Ian Byers-Gamber is a Los Angeles-based photographer and videographer well-known within the regional artistic community as a sensitive documenter of art installations and performances and as a highly collaborative artist. His response to the reckoning called forth by the first lockdown was to find a creative way to acknowledge, serve and continue to interact with the artistic community of which he is a part. Starting with friends and his closest artistic collaborators and extending to artist-friends-of-friends and artists that Byers-Gamber was keen to meet for the first time, he invited artists to outdoor portrait sittings between March and September 2020. The arrangements for times of day; choice of apparel (some sitters dressed up for the occasion, others stayed in the ubiquitous lockdown attire of shorts and sweatpants); the choice to be photographed alone or with loved ones were decided by each invited sitter and signals Byers-Gamber’s acknowledgement of the need for him to relinquish some photographic control and keep every interaction simple, safe and socially distanced. Byers-Gamber drove to each location at the designated time, parked his car (sometimes double-parking or at inventive
angles in order to find the best photographic vantage point), wound down his car window to
reconnect and talk with the sitters before focusing his camera, propped up on a tripod in the
front seat of his car.

As a photographer who uses analog camera film for his independent practice, Byers-Gamber routinely kept a cache of photographic films and this allowed him to start his project with haste. Once his project was in full swing - requiring further film stock and film developing - Los Angeles’s Freestyle Photo & Imaging Supplies had started a curbside pickup service, and a local photographer went back to old-school basics and set up a film developing system in their bathroom at home, compensating for the complete shutdown of photographic labs in the city. Fortuitously, Byers-Gamber had acquired a large-format field camera just before the first lockdown and, along with his tried-and-tested 6x7 Mamiya camera, set the parameters for a project that has a slow and considered concentration embedded within it.

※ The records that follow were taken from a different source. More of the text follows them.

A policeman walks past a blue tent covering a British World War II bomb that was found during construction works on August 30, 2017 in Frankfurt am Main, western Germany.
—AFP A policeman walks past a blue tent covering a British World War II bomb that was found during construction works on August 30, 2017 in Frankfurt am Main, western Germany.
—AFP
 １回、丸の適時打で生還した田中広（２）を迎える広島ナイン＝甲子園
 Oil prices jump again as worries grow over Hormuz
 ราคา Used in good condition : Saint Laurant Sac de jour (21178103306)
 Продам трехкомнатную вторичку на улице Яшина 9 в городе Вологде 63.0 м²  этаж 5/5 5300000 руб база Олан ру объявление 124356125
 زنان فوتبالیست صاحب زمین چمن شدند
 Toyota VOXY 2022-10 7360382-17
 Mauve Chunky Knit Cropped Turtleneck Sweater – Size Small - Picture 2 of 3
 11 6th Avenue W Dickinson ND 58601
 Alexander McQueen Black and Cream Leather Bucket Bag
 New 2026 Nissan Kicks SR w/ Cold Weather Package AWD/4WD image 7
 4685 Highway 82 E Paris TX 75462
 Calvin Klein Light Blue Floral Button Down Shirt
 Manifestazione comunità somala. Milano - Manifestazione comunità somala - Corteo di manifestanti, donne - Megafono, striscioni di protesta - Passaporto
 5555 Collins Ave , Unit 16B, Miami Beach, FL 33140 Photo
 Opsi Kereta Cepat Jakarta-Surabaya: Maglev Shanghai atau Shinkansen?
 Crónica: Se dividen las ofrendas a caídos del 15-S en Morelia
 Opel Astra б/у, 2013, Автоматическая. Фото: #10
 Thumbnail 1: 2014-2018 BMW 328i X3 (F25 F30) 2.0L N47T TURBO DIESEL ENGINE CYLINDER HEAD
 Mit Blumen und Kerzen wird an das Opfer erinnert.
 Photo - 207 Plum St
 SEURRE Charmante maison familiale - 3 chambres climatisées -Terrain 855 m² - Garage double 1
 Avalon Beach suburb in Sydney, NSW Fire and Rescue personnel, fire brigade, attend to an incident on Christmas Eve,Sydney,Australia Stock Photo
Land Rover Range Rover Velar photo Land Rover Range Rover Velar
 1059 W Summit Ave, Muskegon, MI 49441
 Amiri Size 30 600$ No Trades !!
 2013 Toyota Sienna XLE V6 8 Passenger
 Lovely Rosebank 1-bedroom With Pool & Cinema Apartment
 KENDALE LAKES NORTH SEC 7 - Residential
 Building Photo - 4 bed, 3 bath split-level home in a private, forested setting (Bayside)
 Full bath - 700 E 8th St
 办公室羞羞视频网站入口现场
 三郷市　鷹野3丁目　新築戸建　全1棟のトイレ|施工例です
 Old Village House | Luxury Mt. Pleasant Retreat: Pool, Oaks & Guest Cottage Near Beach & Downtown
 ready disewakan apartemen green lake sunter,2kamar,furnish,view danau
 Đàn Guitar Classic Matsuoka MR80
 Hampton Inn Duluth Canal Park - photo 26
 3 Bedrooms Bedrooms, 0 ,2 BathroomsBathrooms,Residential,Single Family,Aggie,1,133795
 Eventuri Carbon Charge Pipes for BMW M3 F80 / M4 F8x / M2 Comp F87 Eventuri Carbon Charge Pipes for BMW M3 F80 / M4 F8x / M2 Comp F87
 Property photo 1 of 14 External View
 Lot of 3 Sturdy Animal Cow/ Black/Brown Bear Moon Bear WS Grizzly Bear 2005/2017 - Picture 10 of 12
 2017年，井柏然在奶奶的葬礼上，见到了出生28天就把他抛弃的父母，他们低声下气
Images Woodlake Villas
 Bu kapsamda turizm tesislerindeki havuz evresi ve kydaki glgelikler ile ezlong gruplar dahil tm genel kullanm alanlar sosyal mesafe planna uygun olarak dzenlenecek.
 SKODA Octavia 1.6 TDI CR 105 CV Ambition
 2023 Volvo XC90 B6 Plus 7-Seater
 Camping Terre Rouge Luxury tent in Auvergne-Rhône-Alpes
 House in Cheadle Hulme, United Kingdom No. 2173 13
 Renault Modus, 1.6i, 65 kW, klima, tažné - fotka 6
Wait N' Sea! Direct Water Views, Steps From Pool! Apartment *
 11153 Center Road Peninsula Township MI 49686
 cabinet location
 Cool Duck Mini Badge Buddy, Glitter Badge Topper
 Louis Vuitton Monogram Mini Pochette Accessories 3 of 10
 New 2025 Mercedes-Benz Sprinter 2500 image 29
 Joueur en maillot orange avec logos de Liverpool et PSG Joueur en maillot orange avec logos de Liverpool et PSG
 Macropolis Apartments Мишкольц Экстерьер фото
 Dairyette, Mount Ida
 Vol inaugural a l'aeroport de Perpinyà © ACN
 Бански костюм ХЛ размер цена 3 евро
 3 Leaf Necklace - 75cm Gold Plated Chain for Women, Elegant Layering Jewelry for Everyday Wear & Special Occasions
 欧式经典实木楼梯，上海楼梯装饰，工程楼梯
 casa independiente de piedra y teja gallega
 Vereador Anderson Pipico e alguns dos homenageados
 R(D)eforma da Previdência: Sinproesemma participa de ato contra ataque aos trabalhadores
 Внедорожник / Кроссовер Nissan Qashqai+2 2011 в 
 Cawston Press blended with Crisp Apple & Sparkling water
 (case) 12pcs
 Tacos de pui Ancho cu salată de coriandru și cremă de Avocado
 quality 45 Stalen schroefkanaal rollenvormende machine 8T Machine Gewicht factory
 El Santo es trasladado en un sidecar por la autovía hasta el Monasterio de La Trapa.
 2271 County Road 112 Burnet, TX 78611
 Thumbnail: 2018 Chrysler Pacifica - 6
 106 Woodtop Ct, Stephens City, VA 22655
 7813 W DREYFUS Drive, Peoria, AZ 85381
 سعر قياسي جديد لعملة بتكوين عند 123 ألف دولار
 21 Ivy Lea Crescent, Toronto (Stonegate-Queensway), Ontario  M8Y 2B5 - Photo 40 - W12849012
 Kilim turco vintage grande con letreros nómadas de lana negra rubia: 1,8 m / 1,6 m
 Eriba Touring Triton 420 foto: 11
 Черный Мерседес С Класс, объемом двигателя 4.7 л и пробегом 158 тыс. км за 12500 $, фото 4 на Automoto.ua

Perhaps the most pronounced good fortune for Byers-Gamber’s process was the transformative reduction in traffic on roads and freeways. Journey times nostalgically took us back to earlier iterations and remembrances of being in a markedly less congested Los Angeles and raised the possibility of (albeit solitarily) re-discovering the city. At the height of Byers-Gamber’s project, he arranged day-long excursions - appreciating the sense of purpose, nourished by conversations in places that were new to him, and making up to eight socially distanced portraits in a day.

This itinerant photographer - with his curious equipment and process - created a heightened and historic experience of photography as a definite occasion. As with much of Byers-Gamber’s practice, collaboration with his subjects and the animation of their contexts was central and there is a shared sense of photographer and subjects consciously marking this distinct moment in time. The often-present edges of the car’s interior around the open window in the photographs timestamp these portraits with the circumstances of their making. The purposefulness with which the subjects stand and sit, pause to allow the photographer to compose and capture their encounter onto a single sheet of photographic film is laid bare. Utilizing the space that the first lockdown engendered, Byers-Gamber’s seemingly simple action called forth photography’s enduring capacity to acknowledge our communities and connections, and a collective desire to be present and be seen.